Computer Science Problem Solving: Course Outline
General Information
| Class: | T Th 12:30-14:00 @ SCRF1024 |
| Coordinators: |
Ali Taleghani, Igor Naverniouk |
|
e-mails: ali{at}math{dot}ubc{dot}ca, igor{at}lexansoft{dot}com
|
| (optional) Text: |
Cormen, Leiserson, Rivest, Stein: Introduction to Algorithms |
About the Course
| Objectives: |
After completing this course, you will have:
- - Acquired an in-depth understanding of a variety of algorithms
- Theoretical basis and efficient implementation.

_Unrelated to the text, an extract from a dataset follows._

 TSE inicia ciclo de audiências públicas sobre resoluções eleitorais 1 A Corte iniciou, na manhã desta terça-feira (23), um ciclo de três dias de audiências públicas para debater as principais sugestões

- - Mastered practical programming skills
- - Developed a useful personal code library
- We will be implementing a large number of
algorithms common to many programming projects.
|
|
| Contents: |
We will begin with a practical overview of input/output methods
in C++ and Java. The C++ Standard Template Library is then reviewed
with focus on streams and useful datastructures. To motivate our
discussion of more efficient algorithms, we will take a brief look at
brute force solutions to some common problems. We follow with a
discussion of dynamic programming, memoization, number-theoretic
algorithms, computational geometry, graph algorithms, and string
parsing. Time permitting, we will look at NP-complete and NP-hard
problems and efficient ways of using brute force methods.
|
|
| Resources: |
We will be using an automated judging software. The students will
submit their problem solutions to the judge by e-mail and receive
feedback as to the correctness and efficiency of their source code. After
the submission deadline, we will collect the submissions from the
automated judge for marking.
A similar automated judge, along with a large problem archive of
over 1000 problems, is available on the University of Valladolid (Spain)

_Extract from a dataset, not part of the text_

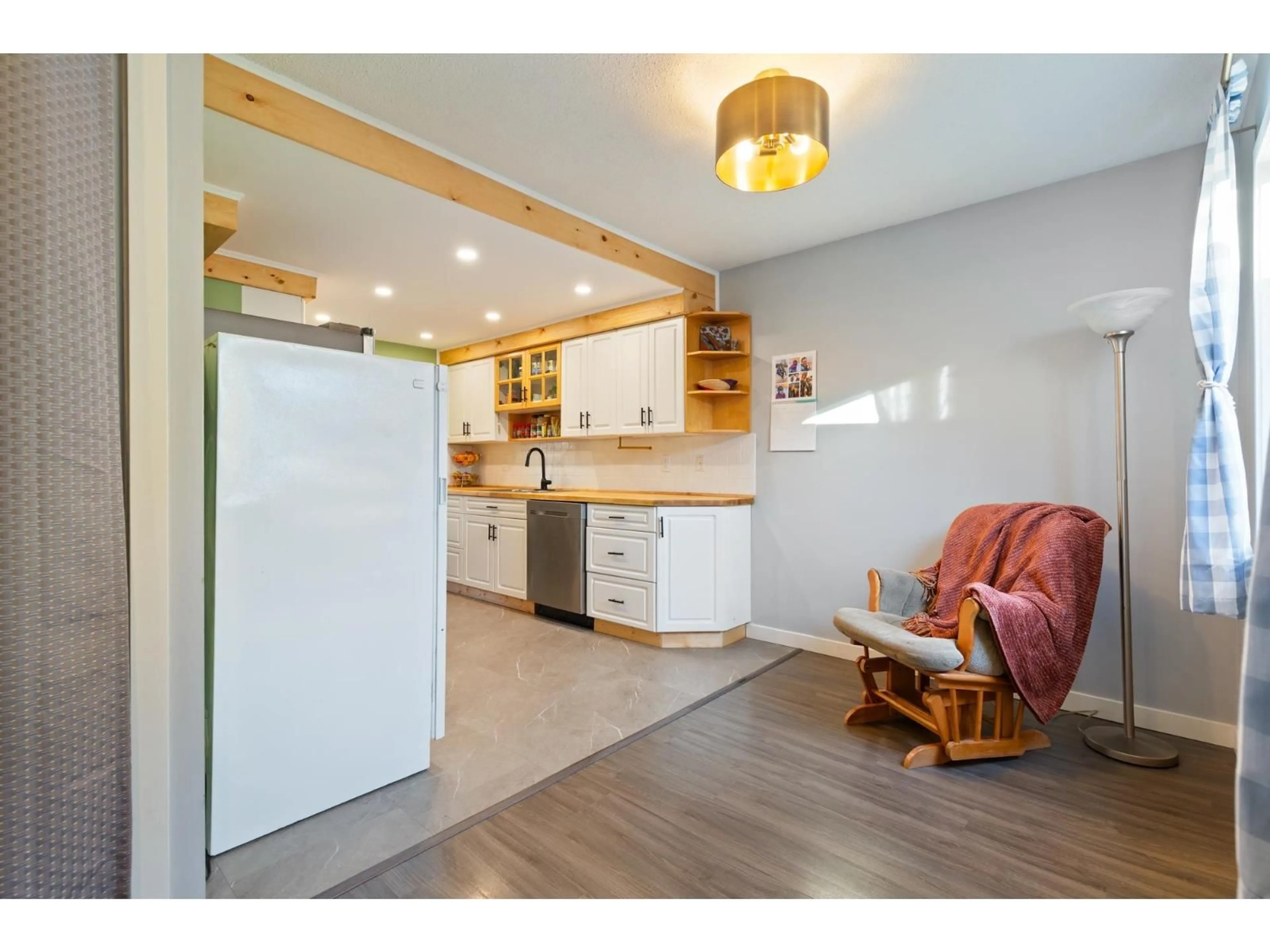 Open concept kitchen, wood/laminate floor for 60 - 46689 FIRST AVENUE, Chilliwack British Columbia V2P1X5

website at http://acm.uva.es/p.
This on-line judge can be used as an additional testing tool for
the students' submissions.
The textbook is available in the bookstore and is the course
textbook used in CPSC320 and CPSC420. Either of the two editions
will be sufficient.
|
| Assessment: |
The final grades will be determined from the following components:
| Weekly problem sets: | 20% |
| Quizzes: | 30% |
| Two midterms: | 20% |
| Final exam: | 30% |
|
| Homework: |
There will be a problem set assigned every week. Students will have one
week to submit their solutions to the automated judge. Solutions producing
the correct output for the test data are deemed correct, but extremely
inefficient solutions will not be accepted. Incorrect solutions will be
judged manually for part marks.
Late assignments will be accepted during a period of one week after the
deadline with a penalty of 50%. Solutions that are mostly correct and on time
will receive higher marks than late submissions.
|
| Schedule: |
| 2 weeks | I/O, STL, java.util |
| 1 week | Brute force |
| 1 week | Dynamic programming and memoization |
| Midterm 1 | |
| 2 weeks | Number theoretic algorithms |
| 3 weeks | Graph algorithms |
| Midterm 2 | |
| 1 week | String parsing |
| 1 week | Computational geometry |
| 1 week(*) | NP-complete and NP-hard problems |
|
| Plagiarism: |
In accordance with the official department policy, plagiarism will not
be tolerated. You are welcome to collaborate on the weekly assignments,
provided you acknowledge your partners. For the quizzes, you will be
allowed to use printed copies of your own code.
Both midterms and the final exam will be closed-book.
|
|